Ceci est l'image assez fidèle de la vieille ferme que j'ai rénovée durant une vingtaine d'années, que j'ai obtenue grâce à un logiciel courant d'architecture 3D. Elle possède des zones liées.

J'ai choisi ce bâtiment au printemps 1986 car il était en assez bon état, orienté plein sud, construit de façon traditionnelle avec des murs épais en terre et pierres de pays, donc avec un bon potentiel bioclimatique, comme la plupart des vieilles fermes.
Les principes techniques de la rénovation ont été arrêtés dès cette époque. J'ai préservé au mieux l'esthétique extérieure et les qualités intrinsèques de cette construction ( inertie thermique forte, climatisation naturelle, espaces de protection et parcelle arborée au nord, forme compacte avec appentis au nord ) et j'ai opté pour des aménagements qui privilégient les apports solaires passifs associés à une isolation renforcée ( doubles fenêtres en parois verticales, fenêtres de toit de grandes dimensions équipés de volets isolants intérieurs ou stores associés à une bonne épaisseur d'isolants courants) aboutissant ainsi à une habitation économe en énergie et bien éclairée été comme hiver grâce à la création de quelques ouvertures.

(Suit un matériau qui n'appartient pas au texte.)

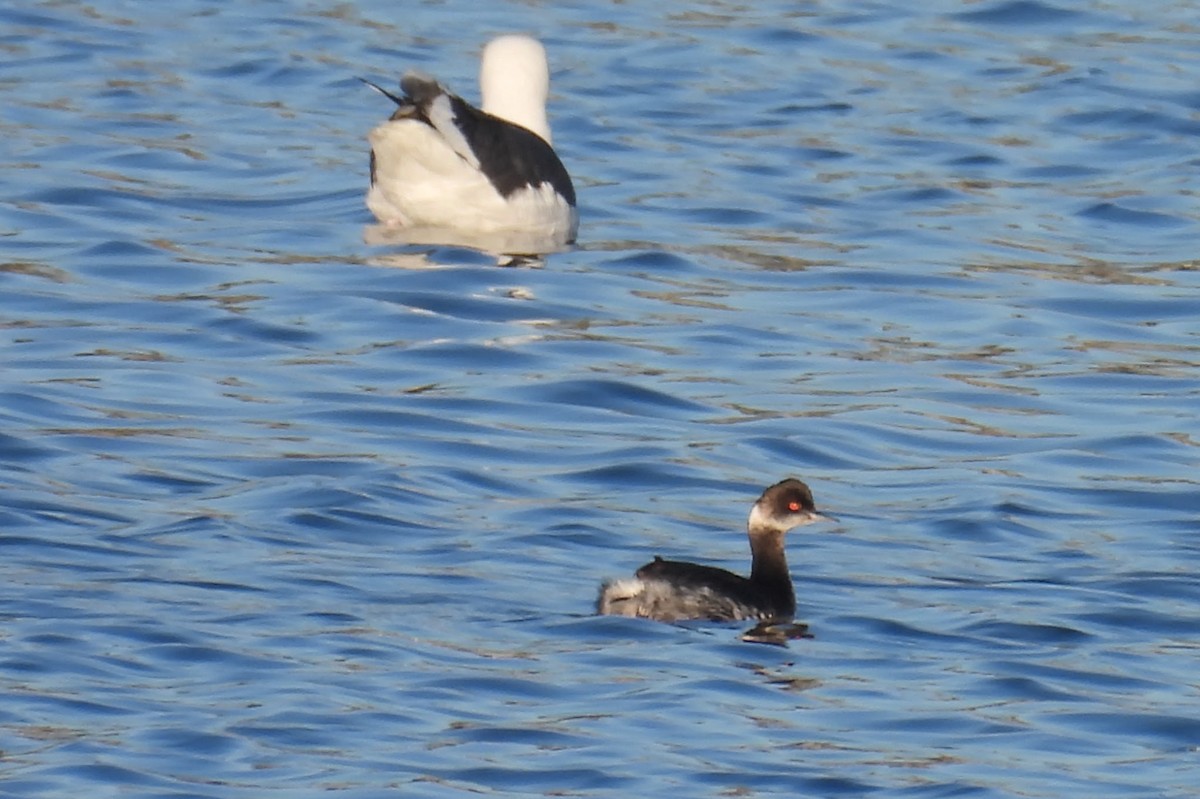 Grèbe à cou noir - ML646624602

Ainsi, notamment, cette maison met plus d'une journée à se refroidir l'hiver par temps couvert si le chauffage est coupé, n'a pas besoin de chauffage pendant plusieurs jours tant que le soleil d'hiver est généreux. Et, dernier exemple en date, grâce à une bonne gestion de l'ouverture des ouvrants et des volets pendant la période caniculaire des étés 2003 et 2006, la température intérieure au rez-de-chaussée n'est pas montée au delà de 25°C.
J'ai conservé toutes les poutres en bois soutenant les planchers, éliminant ainsi pratiquement les ponts thermiques, et calculé les isolations thermiques, à l'époque, en anticipant sur la réglementation thermique suivante.